Allowances are permission slips to release emissions, and they function as a currency in the market the cap-and-trade legislation would create. For Boxer (D-Calif.) and Kerry (D-Mass.), they are chits to use to negotiate support for their bill as they attempt to form a winning coalition.

{mosads}The Boxer-Kerry strategy repeats the one that Reps. Henry Waxman (D-Calif.) and Edward Markey (D-Mass.) used to build a coalition that passed the cap-and-trade bill in the House.

The two senators are expected to release their bill on Wednesday, but some details emerged on Monday.

The Senate bill is expected to call for slightly more aggressive reductions than the House bill — a 20 percent cut by 2020 instead of the 17 percent Waxman and Markey eventually settled on.

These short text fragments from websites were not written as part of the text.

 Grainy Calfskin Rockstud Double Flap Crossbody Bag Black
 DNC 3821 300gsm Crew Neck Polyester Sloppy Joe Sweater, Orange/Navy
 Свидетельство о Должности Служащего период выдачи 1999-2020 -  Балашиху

The Senate version will also include a price collar that is designed to constrain the price of carbon between a floor and a ceiling. Where exactly the parameters are set will be the subject of a vigorous lobbying campaign among an industry that wants greater cost-control assurance and environmental groups that worry a strict collar will undermine the “environmental integrity” of the bill.

The draft is also expected to have “placeholders” for some additional subsidies for coal and nuclear power.

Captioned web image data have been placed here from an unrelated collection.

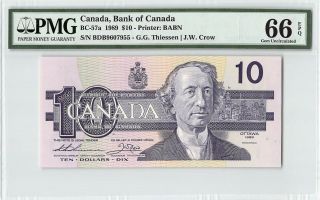 Canada 1989 Bc - 57a Pmg Gem Unc 66 Epq 10 Dollars (thiessen - Crow)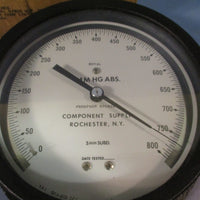WEKSLER INSTRUMENTS 6" MM HG ABS. Pressure Gauge 0-800 1/4 NPT GT4-213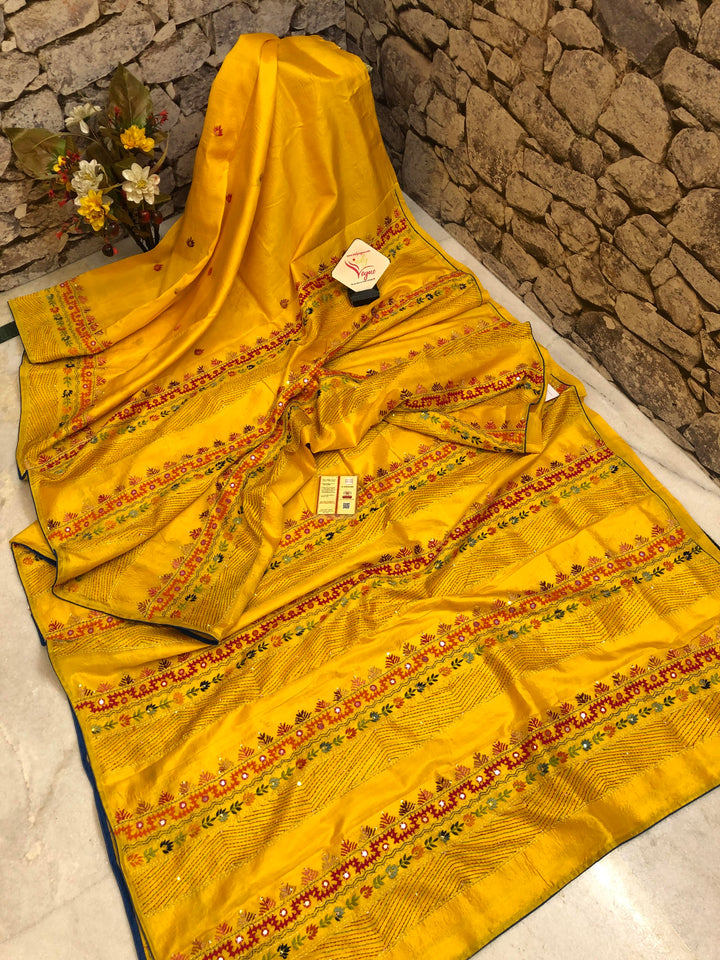 Yellow Color Pure Bangalore Silk with Hand Lambani Embroidery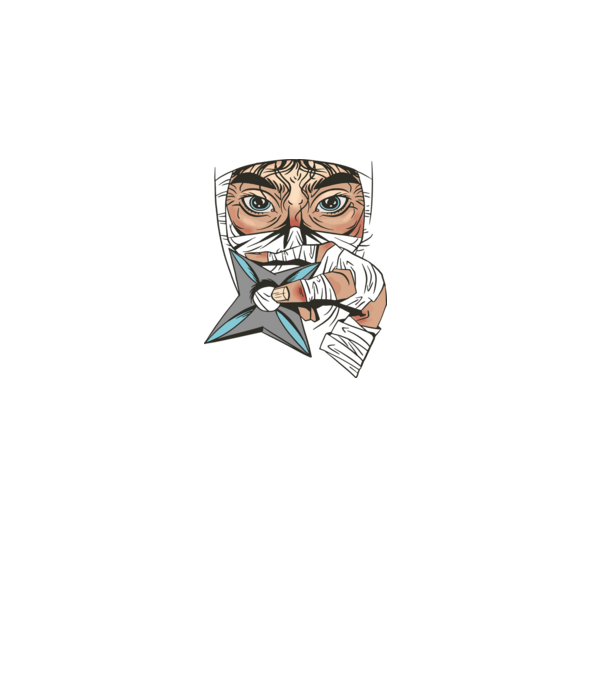 Cap de ninja model negru pe tricou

The bill’s release on Wednesday will be followed by a series of hearings and a markup by the Environmental and Public Works Committee that is now expected in late October. Boxer is the chairwoman of that committee.

Most energy lobbyists expect the bill to pass Boxer’s committee but not get much further this year.

That would give President Barack Obama some progress on climate to show off in Copenhagen, Denmark, where world leaders will discuss what to do about global warming, but leave a final push in the Senate for early 2010.

Several Democratic senators are already on record as being uneasy about the climate bill. The distribution of the allowances is one way to ease those concerns.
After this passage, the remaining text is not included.